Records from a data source
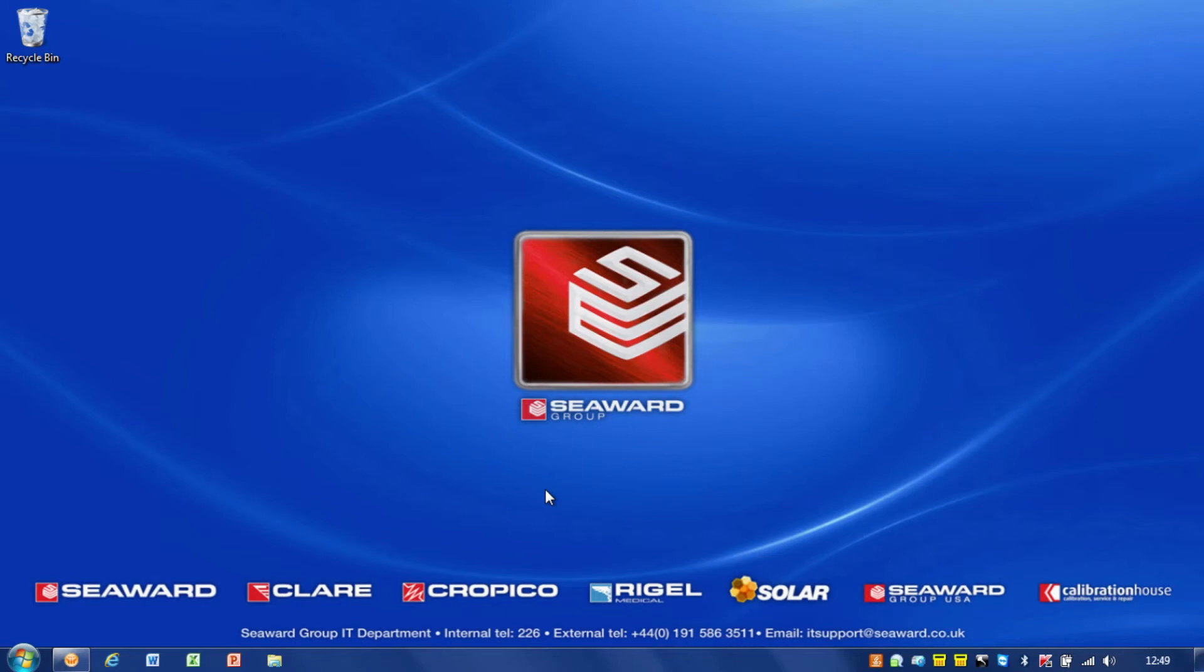So today I'm going to take you through PAT Guard 3, how to set it up, how to use the basic functions, and how to get up and running with PAT Guard 3 quickly.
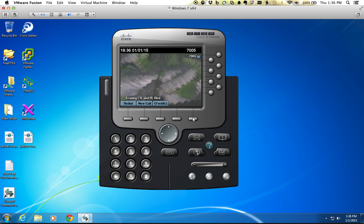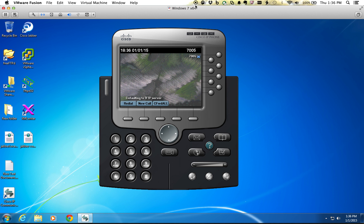We hit the erase, it's erasing the CTL and ITL files, and that's it. Now your phone should register to the new Communication Manager system or the upgraded system that you're doing. And that's it, thanks.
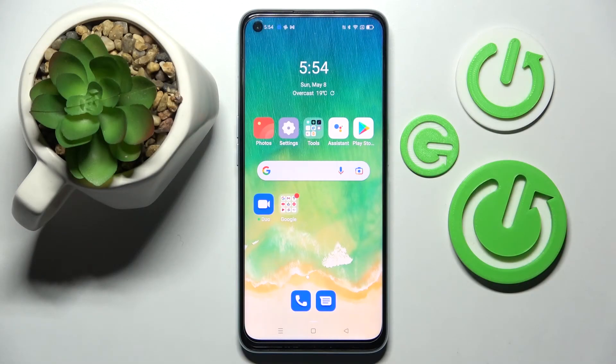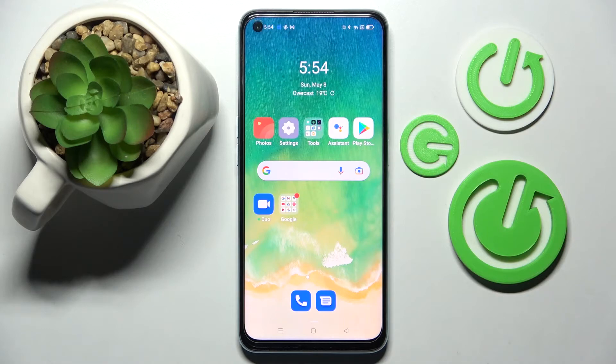Hi! In front of me is the Oppo A96, and today I would like to show you how you can turn on or off automatic text correction on this Oppo.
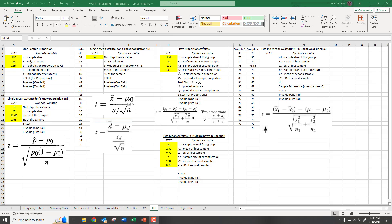Everything in yellow is stuff you manually have to change every time you're attempting a new question. Every question asking you to run a hypothesis test on a one-sample proportion is always going to give you three things: the proposed proportion from the population (p0), a sample size, and the number of successes. Sometimes it'll just give you the sample size and p-hat, the proportion of your sample that was a success, and you treat that a little differently.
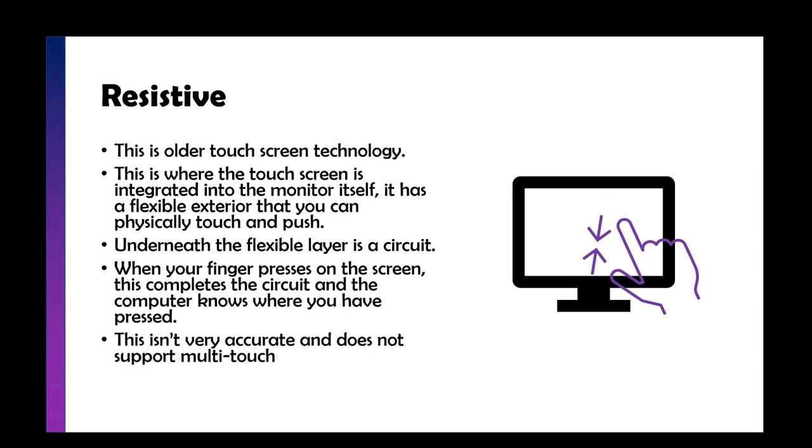When you push down on the screen, it completes a circuit in a grid, much like the infrared screen. But it's not quite as accurate because you're just pushing down pieces of metal. On older screens, you have to tap around a little bit to get it to work. It doesn't support multi-touch because once you've completed the circuit, it's complete.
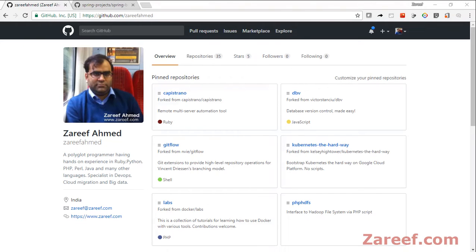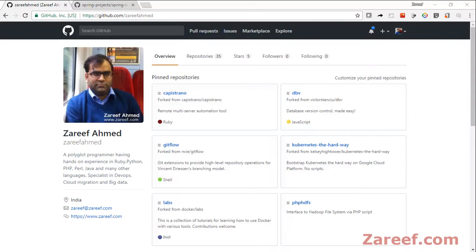Hi everyone, today I'm going to tell you how you can fork a GitHub repository. First, you need to login to your GitHub account. If you haven't created your GitHub account, please create it.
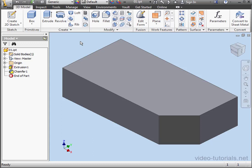Welcome back. In this tutorial, I'm going to show you how to assign materials to your models.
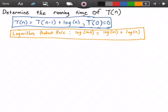Welcome to this video on recurrence relations. Here we want to determine the running time of the function T of n. In the blue rectangle, the function states that T of n is equal to T of n minus 1 plus log of n, and our base case states that when n is equal to 0, T is equal to 0.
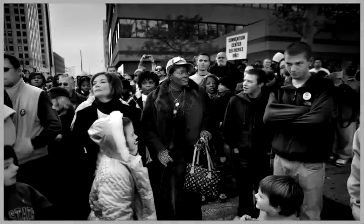But in the unlikely story that is America, there's never been anything false about hope.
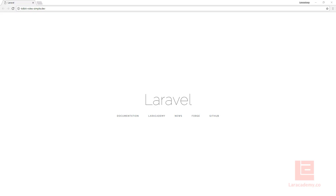Hi everyone, welcome back to Lairacademy. In this video we're going to be going over a simplistic role system. Our role system will contain four different roles: an administration role, a subscriber, a member, and finally a guest role.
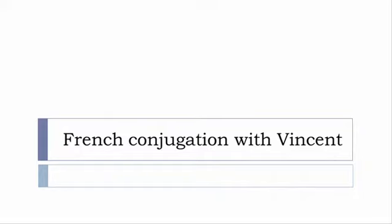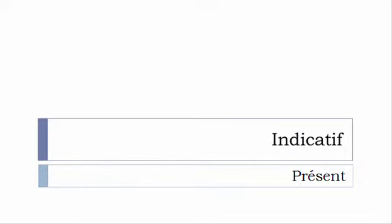Bonjour à tous and welcome to French Conjugation with Vincent. I've been deciding to make this new series of videos in which I will present you the conjugation of one verb at a specific tense, and I won't pronounce actually the forms just for you to be able to focus on the way we will write these forms. So let's start now and in this video we'll discover the tense that you see on the screen.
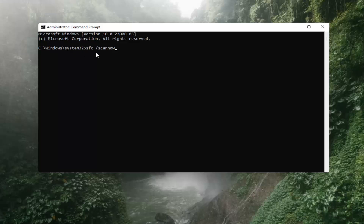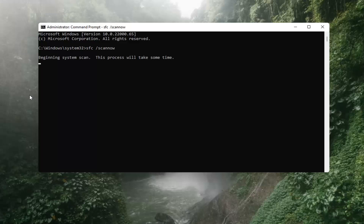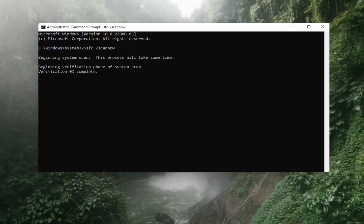Now you want to type in SFC, then a space, then forward slash scannow — scannow should all be one word with the forward slash out front. There are two N's in there: scan and now. Hit Enter on the keyboard. It should say beginning system scan. This process will take some time, so please be patient.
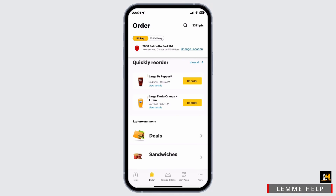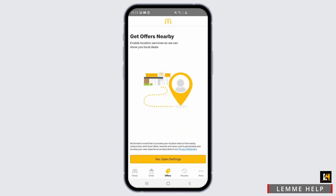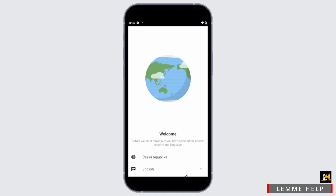The first way to change your region on McDonald's is to tap on the 'Offers' option. You can check the nearby offers, and it will ask you for your location. By that way, it will automatically change the location.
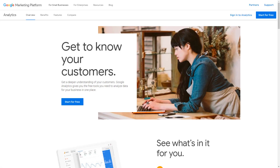Google Analytics is an effective and free tool to get data on who's visiting your store, how they are finding you, and how long they are staying on your store. Shift4Shop makes it easy to integrate your Google Analytics account into your store.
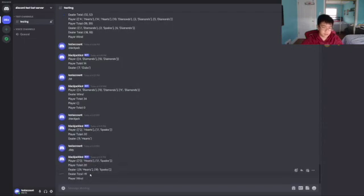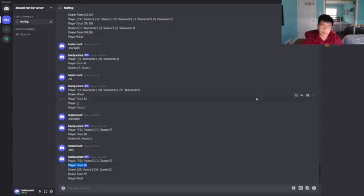Because the dealer did not end up going to 21 and was less than me, I end up winning. And that's a short overview of everything.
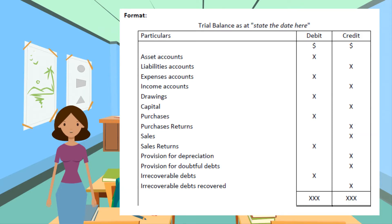However, it does have limitations. A balanced trial balance does not mean that the entries in the accounts contain no errors. There are errors that are not revealed by a trial balance. The format of the trial balance is shown here — there is a link to download this in the description below. Remember, a trial balance is only on one date.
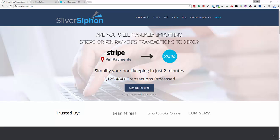This video is just a quick one to show you how to get SilverSiphon set up to bring Stripe transactions into Xero and getting it set up for the first time. This applies if you're using PIN payments or another payment gateway as well. The process is pretty much the same.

Exercise instructions
Would you output only the span of the records above that opens with the line containing "Welcome back. In" and closes with the line containing "But in the unlikely", ends included and pictures dropped?

Solution to this exercise
Welcome back. In this tutorial, I'm going to show you how to assign materials to your models.
Welcome to this video on recurrence relations. Here we want to determine the running time of the function T of n. In the blue rectangle, the function states that T of n is equal to T of n minus 1 plus log of n, and our base case states that when n is equal to 0, T is equal to 0.
But in the unlikely story that is America, there's never been anything false about hope.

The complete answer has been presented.